REQUIREMENT:
Since the listing below shows pictures, leave them out and write out exactly the lines from the line with "So going over" to the line with "A potential move", both included, and no others.

INPUT DATA:
==================================================

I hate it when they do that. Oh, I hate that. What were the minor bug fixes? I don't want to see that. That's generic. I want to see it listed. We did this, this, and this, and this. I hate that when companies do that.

==================================================

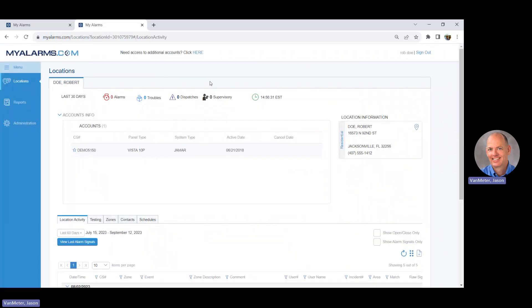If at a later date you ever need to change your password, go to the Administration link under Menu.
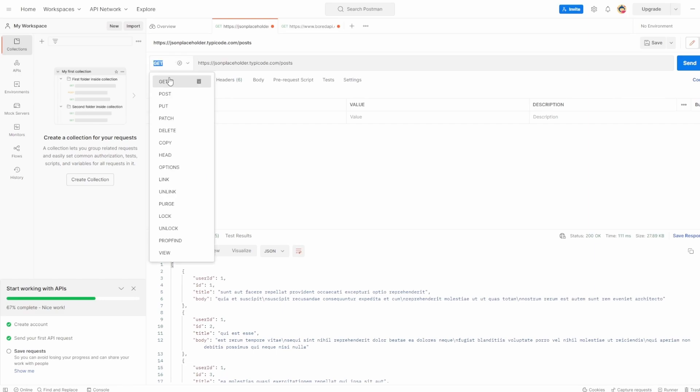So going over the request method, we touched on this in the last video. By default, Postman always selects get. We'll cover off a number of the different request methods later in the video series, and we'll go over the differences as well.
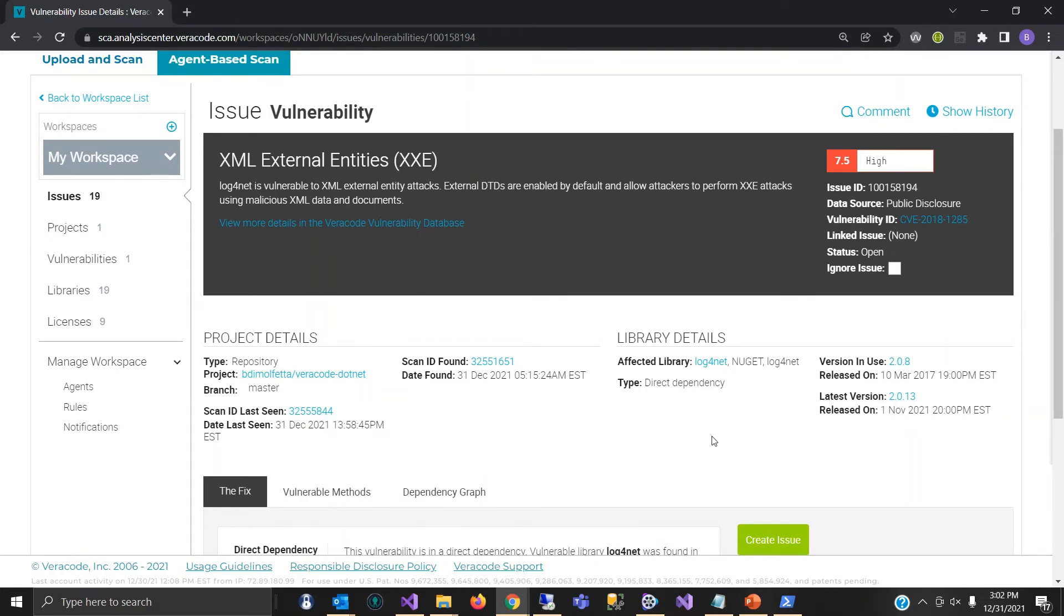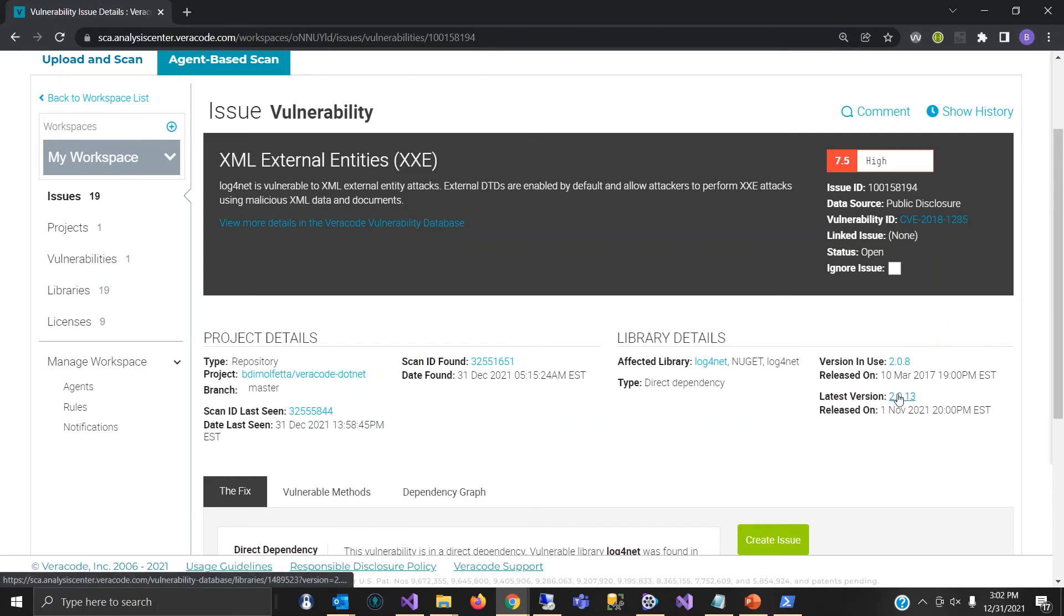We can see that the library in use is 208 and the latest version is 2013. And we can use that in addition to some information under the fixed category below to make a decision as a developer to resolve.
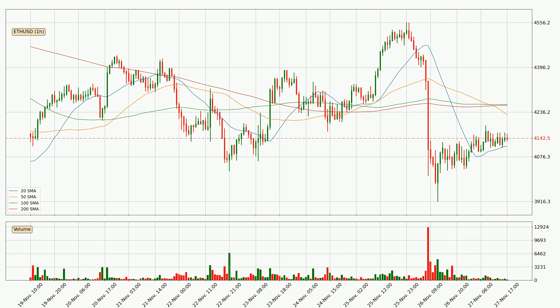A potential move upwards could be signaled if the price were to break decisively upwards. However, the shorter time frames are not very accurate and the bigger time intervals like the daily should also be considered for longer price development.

==================================================

ANSWER TO THIS PROBLEM:
So going over the request method, we touched on this in the last video. By default, Postman always selects get. We'll cover off a number of the different request methods later in the video series, and we'll go over the differences as well.
We can see that the library in use is 208 and the latest version is 2013. And we can use that in addition to some information under the fixed category below to make a decision as a developer to resolve.
A potential move upwards could be signaled if the price were to break decisively upwards. However, the shorter time frames are not very accurate and the bigger time intervals like the daily should also be considered for longer price development.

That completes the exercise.